For our first round, we ordered a refreshing, summery apple vinegar and ume cocktail (¥880), which came in an enormous glass filled with crushed ice and a thick layer of smashed plums at the bottom. The sour bite perfectly complemented the sweet, fruity taste. Tsuki’s version of salty dog (¥750), meanwhile, was made with rice shochu instead of gin or vodka and came served in the traditional glass with a salted rim.
The bar’s food menu is the epitome of the “quality over quantity” concept. There isn’t a wide selection and the portion sizes are comparatively small, but we had no qualms about either the creativity or taste. We started off with an order of seiro soba (¥800), succulent black-pepper grilled duck (¥1,100) and smoked salmon-wrapped scallops drizzled with a vinaigrette dressing (¥780). We ordered the last one partly out of curiosity, but ended up falling in love with the dish. The dressing was to-die-for, and a sprinkling of smelt roe on top of each bite imparted a perfect salty touch.

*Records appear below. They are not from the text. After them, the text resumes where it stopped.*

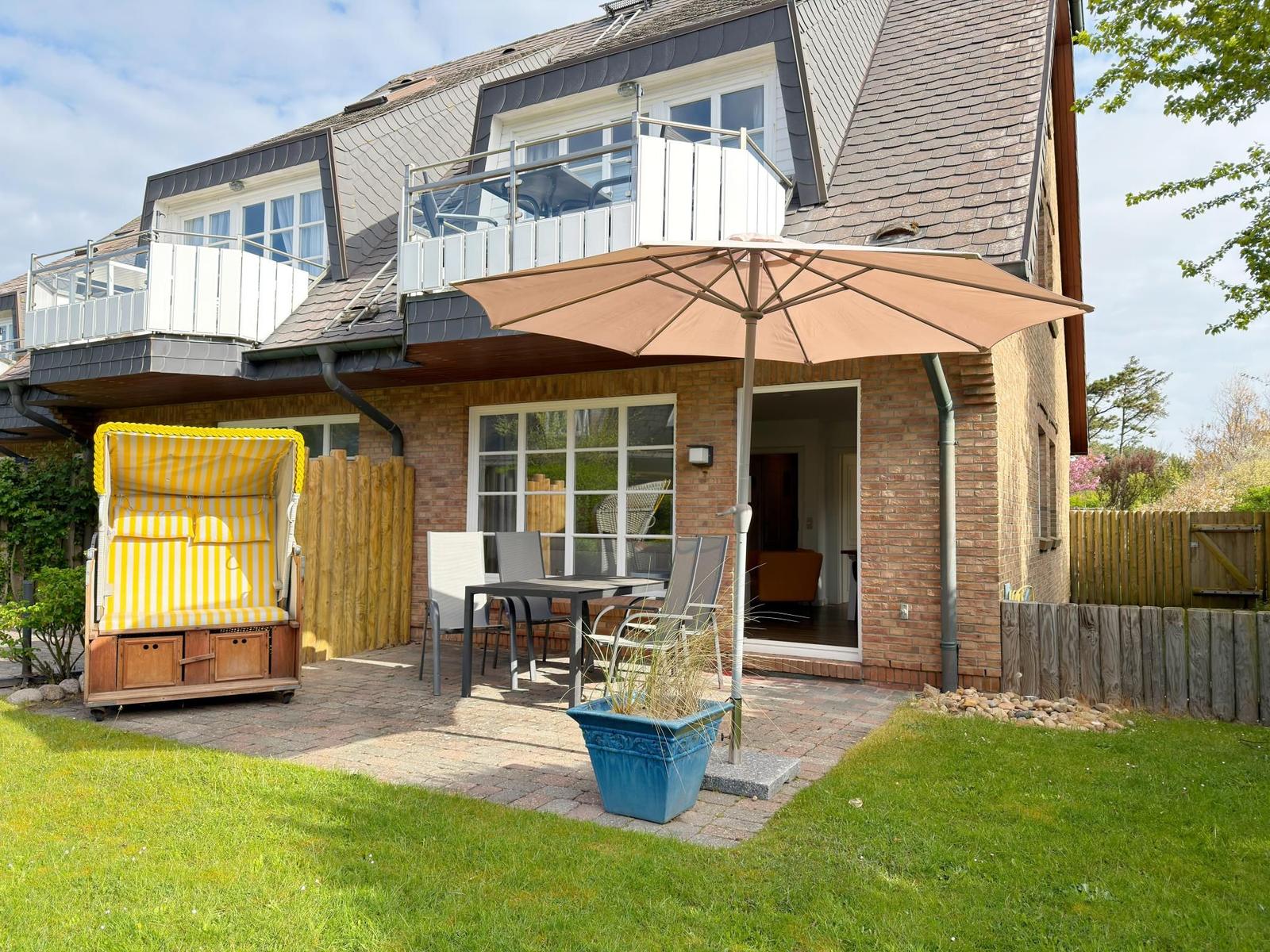 Haus mit Terrasse, Sonnenschirm und Strandkorb im Garten.
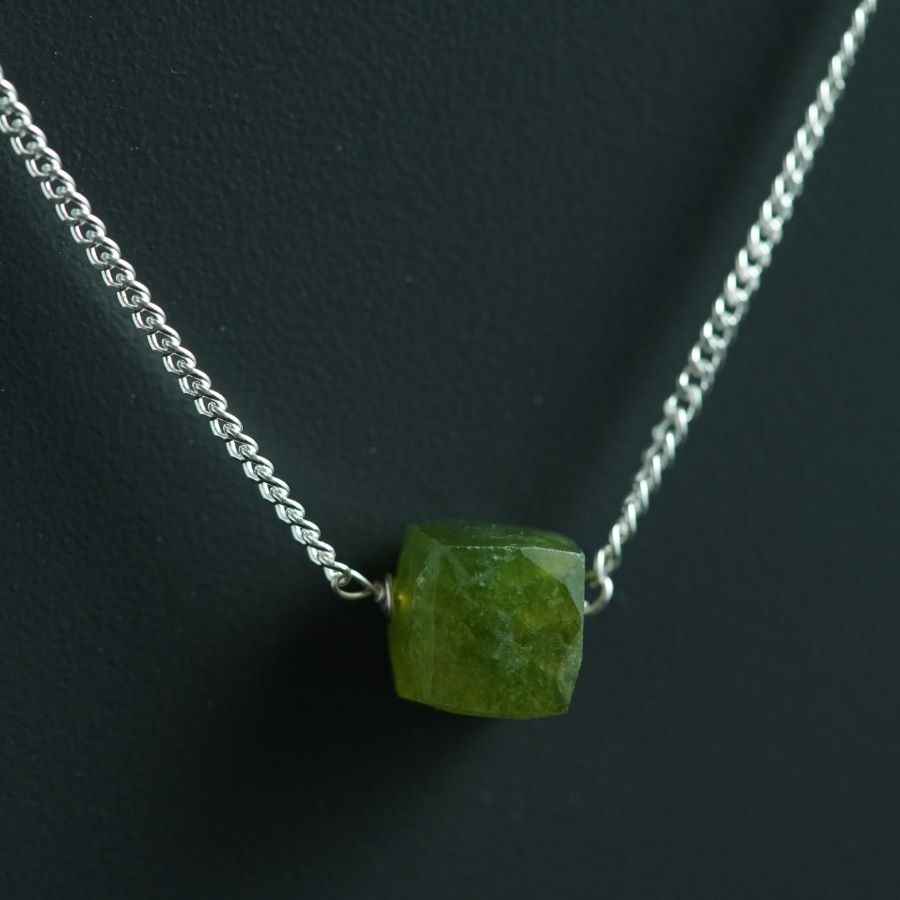 a necklace with a green stone on it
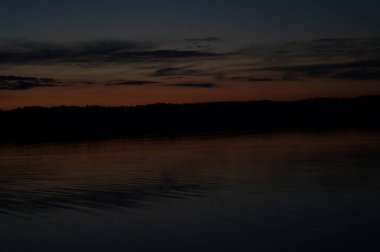 picturesque view of endless sea with beautiful sunrise at sky 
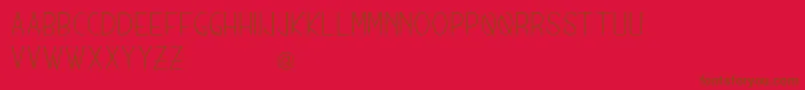 Fonte MunichSans – fontes marrons em um fundo vermelho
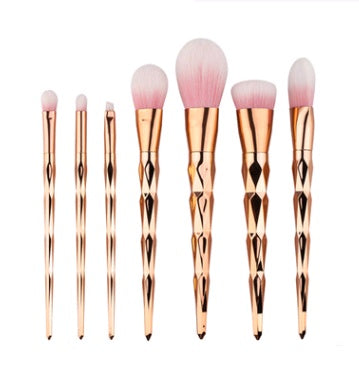 Makeup brushes with pastel bristles and iridescent handles standing upright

Deciding to finish off our evening with a bit of fizz, we ordered an Usagi (¥1,100), made with champagne, blood-orange juice and raspberry liqueur. The tart orange and syrupy raspberry flavors melded together into a bubbly finish. We contemplated asking for the check, but in the end succumbed to the lure of dessert: a caramelly, crème brulée-like white sesame pudding (¥600). The dish came topped with a scoop of vanilla ice cream that’s—you guessed it—in the shape of a rabbit, complete with red candy eyes and two mint leaves for ears. A bit cutesy, to be sure, but for an otherwise understated and grownup establishment, we had no trouble forgiving this one bit of kitsch.